> Exercise
From the entries that follow, reproduce exactly and only the lines from the line with "Appartamento bilocale in" to the line with "GPS Navigator Pioneer (PI-6802BT)", endpoints included.

%%

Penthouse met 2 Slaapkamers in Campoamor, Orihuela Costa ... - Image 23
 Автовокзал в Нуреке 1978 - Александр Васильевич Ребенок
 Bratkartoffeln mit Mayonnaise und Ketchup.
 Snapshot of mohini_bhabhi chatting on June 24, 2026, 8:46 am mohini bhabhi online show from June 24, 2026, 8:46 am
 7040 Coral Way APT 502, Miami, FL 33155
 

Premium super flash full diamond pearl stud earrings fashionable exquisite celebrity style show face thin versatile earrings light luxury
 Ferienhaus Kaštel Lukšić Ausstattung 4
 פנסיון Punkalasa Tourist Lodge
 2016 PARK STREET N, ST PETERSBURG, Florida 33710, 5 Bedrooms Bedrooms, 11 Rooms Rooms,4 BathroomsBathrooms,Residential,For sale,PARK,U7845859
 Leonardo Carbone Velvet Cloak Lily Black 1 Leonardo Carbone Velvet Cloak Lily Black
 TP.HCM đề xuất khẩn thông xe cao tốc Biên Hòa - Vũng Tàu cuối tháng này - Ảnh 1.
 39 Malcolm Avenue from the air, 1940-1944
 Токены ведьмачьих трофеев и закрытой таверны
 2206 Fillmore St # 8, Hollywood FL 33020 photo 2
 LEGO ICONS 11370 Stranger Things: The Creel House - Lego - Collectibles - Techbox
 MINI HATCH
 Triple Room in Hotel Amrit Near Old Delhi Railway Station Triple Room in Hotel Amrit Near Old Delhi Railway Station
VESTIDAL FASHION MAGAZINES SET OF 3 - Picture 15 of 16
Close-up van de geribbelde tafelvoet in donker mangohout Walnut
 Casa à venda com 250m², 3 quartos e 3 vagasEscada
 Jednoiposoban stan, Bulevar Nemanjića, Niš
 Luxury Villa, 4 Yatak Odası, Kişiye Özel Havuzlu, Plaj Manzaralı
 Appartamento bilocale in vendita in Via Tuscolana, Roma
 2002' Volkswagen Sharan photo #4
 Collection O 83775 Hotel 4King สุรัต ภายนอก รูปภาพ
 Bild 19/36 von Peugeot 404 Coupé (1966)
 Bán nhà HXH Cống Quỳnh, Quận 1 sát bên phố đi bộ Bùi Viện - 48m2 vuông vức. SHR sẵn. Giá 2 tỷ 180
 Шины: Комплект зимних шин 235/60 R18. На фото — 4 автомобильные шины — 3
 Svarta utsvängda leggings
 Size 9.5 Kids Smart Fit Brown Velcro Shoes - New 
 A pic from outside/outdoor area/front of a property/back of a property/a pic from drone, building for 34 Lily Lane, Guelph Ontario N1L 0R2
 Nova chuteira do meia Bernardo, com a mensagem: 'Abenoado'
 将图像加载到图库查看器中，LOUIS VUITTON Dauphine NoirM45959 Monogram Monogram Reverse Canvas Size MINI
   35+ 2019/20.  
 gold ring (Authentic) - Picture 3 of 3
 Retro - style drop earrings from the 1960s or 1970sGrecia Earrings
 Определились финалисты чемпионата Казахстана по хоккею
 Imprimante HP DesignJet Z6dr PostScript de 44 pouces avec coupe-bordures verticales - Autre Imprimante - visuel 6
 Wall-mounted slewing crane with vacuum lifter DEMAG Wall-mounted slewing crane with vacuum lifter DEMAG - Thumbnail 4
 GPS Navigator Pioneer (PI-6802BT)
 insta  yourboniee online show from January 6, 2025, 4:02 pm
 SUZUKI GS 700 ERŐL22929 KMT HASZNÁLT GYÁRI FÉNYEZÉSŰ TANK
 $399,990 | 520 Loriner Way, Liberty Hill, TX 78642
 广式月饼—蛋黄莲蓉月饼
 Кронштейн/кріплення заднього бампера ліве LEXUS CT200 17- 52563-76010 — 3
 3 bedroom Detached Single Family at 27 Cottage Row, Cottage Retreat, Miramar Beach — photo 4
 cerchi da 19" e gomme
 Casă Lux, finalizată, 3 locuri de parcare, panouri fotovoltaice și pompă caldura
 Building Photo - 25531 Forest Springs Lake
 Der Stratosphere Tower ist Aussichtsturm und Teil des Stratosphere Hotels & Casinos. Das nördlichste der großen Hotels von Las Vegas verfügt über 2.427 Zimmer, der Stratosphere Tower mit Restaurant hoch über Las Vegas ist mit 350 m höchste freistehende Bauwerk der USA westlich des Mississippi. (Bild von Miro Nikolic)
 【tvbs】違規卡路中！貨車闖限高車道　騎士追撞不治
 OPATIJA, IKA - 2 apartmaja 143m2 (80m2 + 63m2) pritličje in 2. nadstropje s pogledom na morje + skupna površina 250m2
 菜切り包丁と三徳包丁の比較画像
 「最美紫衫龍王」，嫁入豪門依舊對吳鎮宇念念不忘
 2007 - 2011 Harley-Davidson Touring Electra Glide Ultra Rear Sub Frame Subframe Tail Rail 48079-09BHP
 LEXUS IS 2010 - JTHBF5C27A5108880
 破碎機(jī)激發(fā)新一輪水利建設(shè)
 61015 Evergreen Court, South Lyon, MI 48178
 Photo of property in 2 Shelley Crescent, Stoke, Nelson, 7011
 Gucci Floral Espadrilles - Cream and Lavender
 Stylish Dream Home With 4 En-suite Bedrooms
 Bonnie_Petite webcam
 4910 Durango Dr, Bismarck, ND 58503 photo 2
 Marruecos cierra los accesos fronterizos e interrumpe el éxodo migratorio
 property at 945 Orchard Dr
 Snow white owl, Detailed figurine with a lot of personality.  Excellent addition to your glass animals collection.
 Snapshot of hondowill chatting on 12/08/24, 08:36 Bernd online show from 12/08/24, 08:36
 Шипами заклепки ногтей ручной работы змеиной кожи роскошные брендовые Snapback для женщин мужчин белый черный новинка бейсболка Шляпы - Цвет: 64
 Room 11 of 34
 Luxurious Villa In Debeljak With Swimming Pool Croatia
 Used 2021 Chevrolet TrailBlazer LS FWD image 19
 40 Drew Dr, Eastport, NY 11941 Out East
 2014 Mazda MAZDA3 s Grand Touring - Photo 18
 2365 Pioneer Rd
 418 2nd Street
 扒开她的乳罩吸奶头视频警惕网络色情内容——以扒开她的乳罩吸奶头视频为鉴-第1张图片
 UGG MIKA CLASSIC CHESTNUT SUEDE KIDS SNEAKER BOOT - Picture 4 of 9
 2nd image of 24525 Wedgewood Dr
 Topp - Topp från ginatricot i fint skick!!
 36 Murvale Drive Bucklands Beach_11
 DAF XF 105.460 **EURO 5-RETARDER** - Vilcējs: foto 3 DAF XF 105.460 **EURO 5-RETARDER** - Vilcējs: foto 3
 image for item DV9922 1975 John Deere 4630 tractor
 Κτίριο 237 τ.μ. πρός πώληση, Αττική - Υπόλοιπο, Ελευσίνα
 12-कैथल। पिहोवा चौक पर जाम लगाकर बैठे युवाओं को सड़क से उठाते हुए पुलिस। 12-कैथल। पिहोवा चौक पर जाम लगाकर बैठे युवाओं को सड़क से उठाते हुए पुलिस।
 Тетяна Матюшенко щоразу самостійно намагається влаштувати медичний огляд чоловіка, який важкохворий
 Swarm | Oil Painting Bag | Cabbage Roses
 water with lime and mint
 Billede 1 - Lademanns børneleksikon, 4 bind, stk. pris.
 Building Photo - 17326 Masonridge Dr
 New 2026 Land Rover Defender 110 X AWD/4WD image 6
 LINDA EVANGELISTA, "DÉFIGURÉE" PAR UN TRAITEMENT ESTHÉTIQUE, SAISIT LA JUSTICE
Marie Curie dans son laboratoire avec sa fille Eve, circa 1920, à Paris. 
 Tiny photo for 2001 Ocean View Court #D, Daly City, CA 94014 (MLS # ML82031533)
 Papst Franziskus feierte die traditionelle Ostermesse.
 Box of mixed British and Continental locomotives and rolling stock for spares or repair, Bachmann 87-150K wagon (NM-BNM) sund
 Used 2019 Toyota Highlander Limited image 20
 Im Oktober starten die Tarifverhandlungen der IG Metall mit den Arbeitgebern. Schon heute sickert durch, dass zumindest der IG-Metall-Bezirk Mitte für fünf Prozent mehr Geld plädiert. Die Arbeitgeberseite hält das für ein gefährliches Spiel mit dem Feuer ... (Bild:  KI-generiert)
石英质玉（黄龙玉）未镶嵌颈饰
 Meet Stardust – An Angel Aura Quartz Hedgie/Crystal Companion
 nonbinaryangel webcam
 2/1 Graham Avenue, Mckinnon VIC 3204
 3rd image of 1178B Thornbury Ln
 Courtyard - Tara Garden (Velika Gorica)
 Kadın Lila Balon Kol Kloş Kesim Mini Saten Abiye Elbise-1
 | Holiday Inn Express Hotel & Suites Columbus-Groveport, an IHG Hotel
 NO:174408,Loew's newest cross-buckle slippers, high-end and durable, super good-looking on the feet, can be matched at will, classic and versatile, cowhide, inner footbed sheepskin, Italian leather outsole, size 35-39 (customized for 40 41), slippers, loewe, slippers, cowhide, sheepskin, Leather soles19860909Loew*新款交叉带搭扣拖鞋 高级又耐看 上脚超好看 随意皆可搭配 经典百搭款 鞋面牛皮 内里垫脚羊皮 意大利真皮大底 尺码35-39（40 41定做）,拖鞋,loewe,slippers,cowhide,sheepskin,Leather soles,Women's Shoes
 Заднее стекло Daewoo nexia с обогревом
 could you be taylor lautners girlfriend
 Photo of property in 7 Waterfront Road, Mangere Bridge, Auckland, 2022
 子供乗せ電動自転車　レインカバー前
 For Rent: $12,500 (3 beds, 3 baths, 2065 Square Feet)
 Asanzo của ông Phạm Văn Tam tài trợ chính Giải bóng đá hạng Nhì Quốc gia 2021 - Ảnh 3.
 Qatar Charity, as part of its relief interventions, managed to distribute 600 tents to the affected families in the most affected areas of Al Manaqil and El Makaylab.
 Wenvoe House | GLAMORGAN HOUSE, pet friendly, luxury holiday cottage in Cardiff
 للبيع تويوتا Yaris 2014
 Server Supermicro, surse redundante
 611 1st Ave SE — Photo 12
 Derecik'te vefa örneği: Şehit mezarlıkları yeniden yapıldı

%%

> Completed exercise
 Appartamento bilocale in vendita in Via Tuscolana, Roma
 2002' Volkswagen Sharan photo #4
 Collection O 83775 Hotel 4King สุรัต ภายนอก รูปภาพ
 Bild 19/36 von Peugeot 404 Coupé (1966)
 Bán nhà HXH Cống Quỳnh, Quận 1 sát bên phố đi bộ Bùi Viện - 48m2 vuông vức. SHR sẵn. Giá 2 tỷ 180
 Шины: Комплект зимних шин 235/60 R18. На фото — 4 автомобильные шины — 3
 Svarta utsvängda leggings
 Size 9.5 Kids Smart Fit Brown Velcro Shoes - New 
 A pic from outside/outdoor area/front of a property/back of a property/a pic from drone, building for 34 Lily Lane, Guelph Ontario N1L 0R2
 Nova chuteira do meia Bernardo, com a mensagem: 'Abenoado'
 将图像加载到图库查看器中，LOUIS VUITTON Dauphine NoirM45959 Monogram Monogram Reverse Canvas Size MINI
   35+ 2019/20.  
 gold ring (Authentic) - Picture 3 of 3
 Retro - style drop earrings from the 1960s or 1970sGrecia Earrings
 Определились финалисты чемпионата Казахстана по хоккею
 Imprimante HP DesignJet Z6dr PostScript de 44 pouces avec coupe-bordures verticales - Autre Imprimante - visuel 6
 Wall-mounted slewing crane with vacuum lifter DEMAG Wall-mounted slewing crane with vacuum lifter DEMAG - Thumbnail 4
 GPS Navigator Pioneer (PI-6802BT)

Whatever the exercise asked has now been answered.